Others, too, have noticed. One prominent example is George Washington University law professor Jonathan Turley, a liberal Obama voter who nevertheless told the House Judiciary Committee on Dec. 3 that the structure of the U.S. government was becoming something the Founders wouldn’t recognize.


“I really have great trepidation over where we are heading because we are creating a new system here,” he said.

The Constitution forbids the president to usurp the powers of Congress, he said, adding that federal agencies under Obama’s direction that spurn congressional authority are becoming an independent branch of government.

“We have this rising fourth branch in a system that’s tripartite,” he said. “The center of gravity is shifting, and that makes it unstable. And within that system you have the rise of an uber-presidency.”

Turley continued: “There could be no greater danger for individual liberty, and I really think that the framers would be horrified by that shift because everything they’ve dedicated themselves to was creating this orbital balance, and we’ve lost it.”

But Obama’s core supporters don’t care, says historian Victor Davis Hanson.

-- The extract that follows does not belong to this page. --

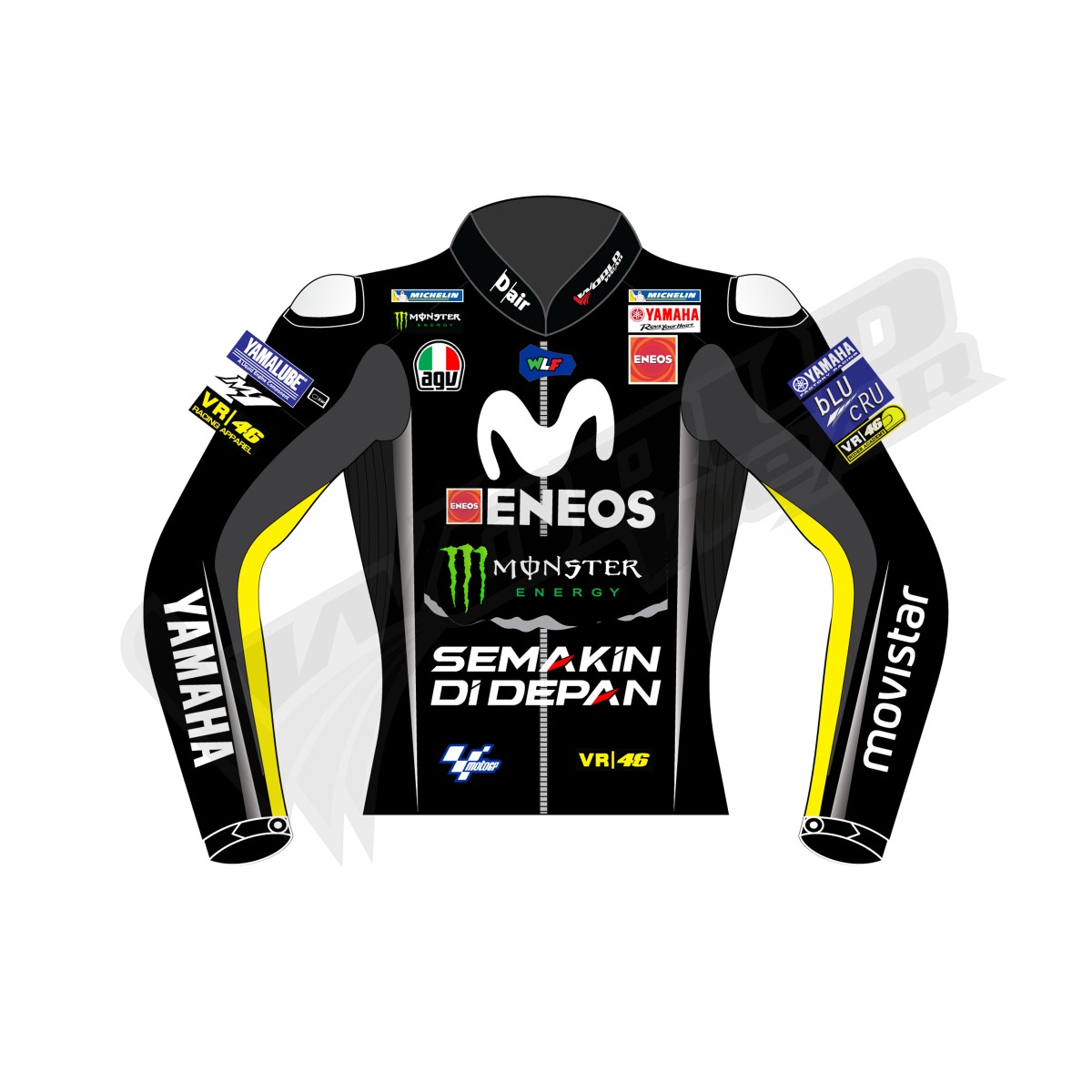 Rossi Yamaha Movistar Black Motogp 2018 Men Motorbike Raceing Leather Jacket; Motorcycle racing protective jacket Biker leather racing suit Performance leather motorcycle jacket Racing-style motorbike jacket Leather racing jacket for bikers High-performance motorcycle jacket Motorbike racing gear jacket Rider's leather racing jacket Biker race leather jacket Sport motorcycle leather jacket Motorcycle racing protective jacket Biker leather racing suit Performance leather motorcycle jacket Racing-style motorbike jacket Leather racing jacket for bikers High-performance motorcycle jacket Motorbike racing gear jacket Rider's leather racing jacket Biker race leather jacket Sport motorcycle leather jacket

In a Feb. 25 column, “When Failure is Success,” he says Obama will always have strong support, typically running around 45 percent of the electorate.

“In a mere five years, by the vast expansion of federal spending, by the demonizing rhetoric of his partisan bully pulpit, and by executive orders and bizarre appointments, Obama has so divided the nation that he has created a permanent constituency that will never care as much about what he does as it cares about what he says and represents.”


Elite rich liberals, “whose money and privilege exempt them from the consequences of Obama’s policies and their own ideology,” like him because he is “iconic of their own progressivism and proof of their racial liberalism, and thus allows them to go on enjoying their privilege without guilt.”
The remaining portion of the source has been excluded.